Exercise aim
Among the entries below, please repeat exactly and only the lines from the line containing "Alt view image" to the line containing "Jogo Pixar Ratatouille", both lines included.

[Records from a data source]
* * * *

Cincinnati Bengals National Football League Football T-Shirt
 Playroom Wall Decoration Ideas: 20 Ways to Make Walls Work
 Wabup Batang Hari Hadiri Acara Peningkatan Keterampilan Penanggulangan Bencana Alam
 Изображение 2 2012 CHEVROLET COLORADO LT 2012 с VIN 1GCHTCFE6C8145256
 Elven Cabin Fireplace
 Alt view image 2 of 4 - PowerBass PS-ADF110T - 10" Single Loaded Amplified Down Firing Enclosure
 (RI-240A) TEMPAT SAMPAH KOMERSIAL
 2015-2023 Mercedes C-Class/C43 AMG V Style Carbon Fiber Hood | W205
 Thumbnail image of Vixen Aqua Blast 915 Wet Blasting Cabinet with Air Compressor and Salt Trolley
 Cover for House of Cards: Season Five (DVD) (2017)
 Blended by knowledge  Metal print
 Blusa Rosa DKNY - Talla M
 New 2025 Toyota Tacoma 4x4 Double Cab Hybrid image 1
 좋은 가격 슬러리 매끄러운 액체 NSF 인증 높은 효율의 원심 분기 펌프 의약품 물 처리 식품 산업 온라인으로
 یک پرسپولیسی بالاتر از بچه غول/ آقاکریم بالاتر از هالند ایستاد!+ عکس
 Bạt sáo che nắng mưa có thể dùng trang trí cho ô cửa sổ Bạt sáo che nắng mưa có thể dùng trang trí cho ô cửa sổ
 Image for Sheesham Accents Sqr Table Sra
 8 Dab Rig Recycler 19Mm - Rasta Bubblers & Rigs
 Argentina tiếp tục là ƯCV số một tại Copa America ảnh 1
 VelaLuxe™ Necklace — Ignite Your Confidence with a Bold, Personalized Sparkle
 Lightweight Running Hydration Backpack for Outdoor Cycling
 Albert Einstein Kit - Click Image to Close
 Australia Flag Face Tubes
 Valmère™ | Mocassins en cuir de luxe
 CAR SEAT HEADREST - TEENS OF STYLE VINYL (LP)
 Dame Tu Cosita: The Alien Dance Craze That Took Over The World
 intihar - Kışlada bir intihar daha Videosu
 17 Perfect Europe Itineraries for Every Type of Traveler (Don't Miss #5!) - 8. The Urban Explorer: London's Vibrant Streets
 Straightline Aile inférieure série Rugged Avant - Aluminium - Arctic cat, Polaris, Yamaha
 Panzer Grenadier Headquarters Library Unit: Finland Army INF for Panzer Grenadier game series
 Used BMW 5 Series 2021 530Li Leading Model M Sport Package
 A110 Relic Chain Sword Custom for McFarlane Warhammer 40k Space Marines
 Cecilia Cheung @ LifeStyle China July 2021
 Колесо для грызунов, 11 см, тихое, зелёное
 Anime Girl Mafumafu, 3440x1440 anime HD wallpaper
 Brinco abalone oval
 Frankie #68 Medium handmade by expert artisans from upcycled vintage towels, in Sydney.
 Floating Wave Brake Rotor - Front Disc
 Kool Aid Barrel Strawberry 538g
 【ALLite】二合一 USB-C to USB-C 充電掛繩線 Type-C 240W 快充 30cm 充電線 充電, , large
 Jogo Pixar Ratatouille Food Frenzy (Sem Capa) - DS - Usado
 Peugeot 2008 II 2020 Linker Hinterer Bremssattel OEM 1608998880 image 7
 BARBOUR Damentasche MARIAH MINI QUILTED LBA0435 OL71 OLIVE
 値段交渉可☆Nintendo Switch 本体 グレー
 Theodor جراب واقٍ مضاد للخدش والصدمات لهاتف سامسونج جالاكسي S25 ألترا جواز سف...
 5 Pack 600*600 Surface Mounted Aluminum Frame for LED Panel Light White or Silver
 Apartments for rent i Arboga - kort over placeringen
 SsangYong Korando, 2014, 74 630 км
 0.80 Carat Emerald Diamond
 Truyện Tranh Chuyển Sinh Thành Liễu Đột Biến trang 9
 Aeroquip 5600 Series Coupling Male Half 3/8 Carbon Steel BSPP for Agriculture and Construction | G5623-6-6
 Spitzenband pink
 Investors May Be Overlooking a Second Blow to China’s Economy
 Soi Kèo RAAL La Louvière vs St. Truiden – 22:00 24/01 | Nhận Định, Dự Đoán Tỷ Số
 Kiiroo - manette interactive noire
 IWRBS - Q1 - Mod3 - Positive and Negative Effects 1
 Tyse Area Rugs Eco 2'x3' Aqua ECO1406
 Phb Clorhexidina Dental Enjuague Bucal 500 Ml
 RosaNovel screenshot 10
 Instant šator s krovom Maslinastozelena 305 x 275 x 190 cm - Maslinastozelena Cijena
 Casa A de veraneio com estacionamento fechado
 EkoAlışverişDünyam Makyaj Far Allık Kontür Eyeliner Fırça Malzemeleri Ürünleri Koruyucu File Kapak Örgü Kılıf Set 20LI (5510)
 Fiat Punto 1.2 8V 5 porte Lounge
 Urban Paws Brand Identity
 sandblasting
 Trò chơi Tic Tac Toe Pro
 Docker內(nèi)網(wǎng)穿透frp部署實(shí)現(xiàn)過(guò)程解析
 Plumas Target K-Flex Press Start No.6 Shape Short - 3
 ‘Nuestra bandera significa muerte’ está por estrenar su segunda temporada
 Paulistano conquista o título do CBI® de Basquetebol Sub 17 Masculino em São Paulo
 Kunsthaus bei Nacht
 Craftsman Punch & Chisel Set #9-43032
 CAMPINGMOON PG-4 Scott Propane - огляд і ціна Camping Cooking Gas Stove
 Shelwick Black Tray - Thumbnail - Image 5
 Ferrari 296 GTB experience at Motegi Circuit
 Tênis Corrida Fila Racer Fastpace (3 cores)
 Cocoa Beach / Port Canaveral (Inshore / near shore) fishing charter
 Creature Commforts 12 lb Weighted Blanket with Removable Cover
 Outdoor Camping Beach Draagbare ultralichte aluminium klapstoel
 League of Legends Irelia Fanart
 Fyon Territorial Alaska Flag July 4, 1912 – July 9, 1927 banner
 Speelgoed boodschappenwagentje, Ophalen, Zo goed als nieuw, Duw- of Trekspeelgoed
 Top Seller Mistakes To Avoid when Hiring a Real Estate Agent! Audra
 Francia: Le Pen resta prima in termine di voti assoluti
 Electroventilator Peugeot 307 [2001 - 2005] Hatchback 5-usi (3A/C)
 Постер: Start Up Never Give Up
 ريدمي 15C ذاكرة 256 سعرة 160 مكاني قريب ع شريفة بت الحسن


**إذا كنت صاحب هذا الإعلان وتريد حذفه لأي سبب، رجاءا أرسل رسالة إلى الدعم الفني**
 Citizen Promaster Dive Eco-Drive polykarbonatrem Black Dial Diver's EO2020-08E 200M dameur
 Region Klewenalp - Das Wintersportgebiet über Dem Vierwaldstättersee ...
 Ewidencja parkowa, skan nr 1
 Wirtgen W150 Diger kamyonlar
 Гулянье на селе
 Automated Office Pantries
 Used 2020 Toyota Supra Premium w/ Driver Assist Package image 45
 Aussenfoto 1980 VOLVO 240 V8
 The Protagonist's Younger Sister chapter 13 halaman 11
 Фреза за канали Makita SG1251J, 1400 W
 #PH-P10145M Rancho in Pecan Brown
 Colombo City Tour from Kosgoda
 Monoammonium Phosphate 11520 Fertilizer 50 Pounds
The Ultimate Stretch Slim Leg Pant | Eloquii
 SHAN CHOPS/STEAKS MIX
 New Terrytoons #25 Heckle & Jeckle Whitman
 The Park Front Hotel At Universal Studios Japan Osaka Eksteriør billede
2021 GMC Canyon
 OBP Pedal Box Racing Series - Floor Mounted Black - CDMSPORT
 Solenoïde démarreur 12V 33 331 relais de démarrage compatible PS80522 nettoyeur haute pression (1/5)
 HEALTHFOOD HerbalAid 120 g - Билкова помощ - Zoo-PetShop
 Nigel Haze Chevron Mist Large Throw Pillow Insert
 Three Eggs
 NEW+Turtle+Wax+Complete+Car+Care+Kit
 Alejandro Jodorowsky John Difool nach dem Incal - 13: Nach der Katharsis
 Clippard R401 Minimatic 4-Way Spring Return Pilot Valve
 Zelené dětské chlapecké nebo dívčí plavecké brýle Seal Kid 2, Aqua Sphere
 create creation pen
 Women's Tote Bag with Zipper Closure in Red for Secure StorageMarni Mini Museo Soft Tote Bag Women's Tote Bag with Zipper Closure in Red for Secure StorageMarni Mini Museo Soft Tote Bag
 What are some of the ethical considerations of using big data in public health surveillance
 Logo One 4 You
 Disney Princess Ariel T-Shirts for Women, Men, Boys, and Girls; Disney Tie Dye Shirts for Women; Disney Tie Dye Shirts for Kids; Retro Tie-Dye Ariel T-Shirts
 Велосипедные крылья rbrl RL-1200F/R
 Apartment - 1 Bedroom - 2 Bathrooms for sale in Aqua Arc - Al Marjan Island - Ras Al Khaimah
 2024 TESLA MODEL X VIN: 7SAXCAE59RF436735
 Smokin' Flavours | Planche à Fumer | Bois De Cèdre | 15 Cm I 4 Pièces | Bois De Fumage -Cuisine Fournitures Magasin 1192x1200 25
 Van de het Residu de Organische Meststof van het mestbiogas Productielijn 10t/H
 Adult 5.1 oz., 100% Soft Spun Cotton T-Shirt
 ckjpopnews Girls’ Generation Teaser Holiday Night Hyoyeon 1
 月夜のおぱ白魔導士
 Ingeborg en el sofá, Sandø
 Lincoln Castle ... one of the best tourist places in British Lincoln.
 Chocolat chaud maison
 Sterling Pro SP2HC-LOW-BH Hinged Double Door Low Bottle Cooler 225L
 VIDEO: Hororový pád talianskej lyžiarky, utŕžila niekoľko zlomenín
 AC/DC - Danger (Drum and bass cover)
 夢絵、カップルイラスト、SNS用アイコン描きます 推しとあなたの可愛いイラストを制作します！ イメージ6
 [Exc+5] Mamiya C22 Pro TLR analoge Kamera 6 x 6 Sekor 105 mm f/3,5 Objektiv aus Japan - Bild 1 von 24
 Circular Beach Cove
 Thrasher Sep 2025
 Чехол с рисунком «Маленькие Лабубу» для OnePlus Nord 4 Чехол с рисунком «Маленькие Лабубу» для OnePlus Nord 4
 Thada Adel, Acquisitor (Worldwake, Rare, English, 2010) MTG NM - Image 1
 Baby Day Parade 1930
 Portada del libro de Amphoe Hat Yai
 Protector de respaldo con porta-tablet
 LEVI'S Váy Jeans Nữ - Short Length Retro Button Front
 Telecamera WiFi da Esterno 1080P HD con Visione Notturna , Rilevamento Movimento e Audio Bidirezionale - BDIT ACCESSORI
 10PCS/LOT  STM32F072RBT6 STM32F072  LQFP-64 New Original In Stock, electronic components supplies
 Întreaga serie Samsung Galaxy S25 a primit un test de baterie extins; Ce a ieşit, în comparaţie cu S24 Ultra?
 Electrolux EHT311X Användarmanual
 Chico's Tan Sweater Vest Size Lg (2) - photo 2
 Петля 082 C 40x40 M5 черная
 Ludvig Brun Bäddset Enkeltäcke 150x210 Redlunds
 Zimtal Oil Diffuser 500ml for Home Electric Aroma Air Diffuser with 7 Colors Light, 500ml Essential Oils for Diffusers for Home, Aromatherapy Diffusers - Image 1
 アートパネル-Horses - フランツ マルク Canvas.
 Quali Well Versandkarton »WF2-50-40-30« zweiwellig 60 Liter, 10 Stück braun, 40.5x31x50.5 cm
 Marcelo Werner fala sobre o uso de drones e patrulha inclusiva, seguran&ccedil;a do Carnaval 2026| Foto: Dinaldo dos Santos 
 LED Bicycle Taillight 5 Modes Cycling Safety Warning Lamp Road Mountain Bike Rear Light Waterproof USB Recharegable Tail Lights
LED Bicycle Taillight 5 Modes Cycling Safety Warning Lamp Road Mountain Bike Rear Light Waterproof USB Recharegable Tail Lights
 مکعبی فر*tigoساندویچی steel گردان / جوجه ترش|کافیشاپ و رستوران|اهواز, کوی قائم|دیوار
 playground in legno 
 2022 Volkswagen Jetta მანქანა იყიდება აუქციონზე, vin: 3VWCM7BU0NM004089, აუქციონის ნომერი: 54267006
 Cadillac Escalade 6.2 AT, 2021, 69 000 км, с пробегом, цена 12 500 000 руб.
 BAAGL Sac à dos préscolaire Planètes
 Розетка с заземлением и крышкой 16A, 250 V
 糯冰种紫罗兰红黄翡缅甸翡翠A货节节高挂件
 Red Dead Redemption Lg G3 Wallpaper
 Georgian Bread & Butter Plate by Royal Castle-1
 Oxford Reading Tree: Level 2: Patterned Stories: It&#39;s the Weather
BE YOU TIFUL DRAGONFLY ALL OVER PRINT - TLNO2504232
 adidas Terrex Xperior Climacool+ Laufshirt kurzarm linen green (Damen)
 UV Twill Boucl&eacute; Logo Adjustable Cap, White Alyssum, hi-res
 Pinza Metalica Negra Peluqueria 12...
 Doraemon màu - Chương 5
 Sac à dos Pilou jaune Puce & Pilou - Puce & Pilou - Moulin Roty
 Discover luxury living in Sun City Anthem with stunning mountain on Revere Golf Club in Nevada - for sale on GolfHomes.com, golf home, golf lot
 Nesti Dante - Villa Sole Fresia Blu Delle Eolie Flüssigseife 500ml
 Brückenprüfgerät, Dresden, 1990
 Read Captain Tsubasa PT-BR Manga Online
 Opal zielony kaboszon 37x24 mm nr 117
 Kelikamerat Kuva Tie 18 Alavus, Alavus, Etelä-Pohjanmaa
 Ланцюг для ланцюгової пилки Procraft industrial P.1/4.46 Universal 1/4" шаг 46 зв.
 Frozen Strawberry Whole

* * * *

Answer space
 Alt view image 2 of 4 - PowerBass PS-ADF110T - 10" Single Loaded Amplified Down Firing Enclosure
 (RI-240A) TEMPAT SAMPAH KOMERSIAL
 2015-2023 Mercedes C-Class/C43 AMG V Style Carbon Fiber Hood | W205
 Thumbnail image of Vixen Aqua Blast 915 Wet Blasting Cabinet with Air Compressor and Salt Trolley
 Cover for House of Cards: Season Five (DVD) (2017)
 Blended by knowledge  Metal print
 Blusa Rosa DKNY - Talla M
 New 2025 Toyota Tacoma 4x4 Double Cab Hybrid image 1
 좋은 가격 슬러리 매끄러운 액체 NSF 인증 높은 효율의 원심 분기 펌프 의약품 물 처리 식품 산업 온라인으로
 یک پرسپولیسی بالاتر از بچه غول/ آقاکریم بالاتر از هالند ایستاد!+ عکس
 Bạt sáo che nắng mưa có thể dùng trang trí cho ô cửa sổ Bạt sáo che nắng mưa có thể dùng trang trí cho ô cửa sổ
 Image for Sheesham Accents Sqr Table Sra
 8 Dab Rig Recycler 19Mm - Rasta Bubblers & Rigs
 Argentina tiếp tục là ƯCV số một tại Copa America ảnh 1
 VelaLuxe™ Necklace — Ignite Your Confidence with a Bold, Personalized Sparkle
 Lightweight Running Hydration Backpack for Outdoor Cycling
 Albert Einstein Kit - Click Image to Close
 Australia Flag Face Tubes
 Valmère™ | Mocassins en cuir de luxe
 CAR SEAT HEADREST - TEENS OF STYLE VINYL (LP)
 Dame Tu Cosita: The Alien Dance Craze That Took Over The World
 intihar - Kışlada bir intihar daha Videosu
 17 Perfect Europe Itineraries for Every Type of Traveler (Don't Miss #5!) - 8. The Urban Explorer: London's Vibrant Streets
 Straightline Aile inférieure série Rugged Avant - Aluminium - Arctic cat, Polaris, Yamaha
 Panzer Grenadier Headquarters Library Unit: Finland Army INF for Panzer Grenadier game series
 Used BMW 5 Series 2021 530Li Leading Model M Sport Package
 A110 Relic Chain Sword Custom for McFarlane Warhammer 40k Space Marines
 Cecilia Cheung @ LifeStyle China July 2021
 Колесо для грызунов, 11 см, тихое, зелёное
 Anime Girl Mafumafu, 3440x1440 anime HD wallpaper
 Brinco abalone oval
 Frankie #68 Medium handmade by expert artisans from upcycled vintage towels, in Sydney.
 Floating Wave Brake Rotor - Front Disc
 Kool Aid Barrel Strawberry 538g
 【ALLite】二合一 USB-C to USB-C 充電掛繩線 Type-C 240W 快充 30cm 充電線 充電, , large
 Jogo Pixar Ratatouille Food Frenzy (Sem Capa) - DS - Usado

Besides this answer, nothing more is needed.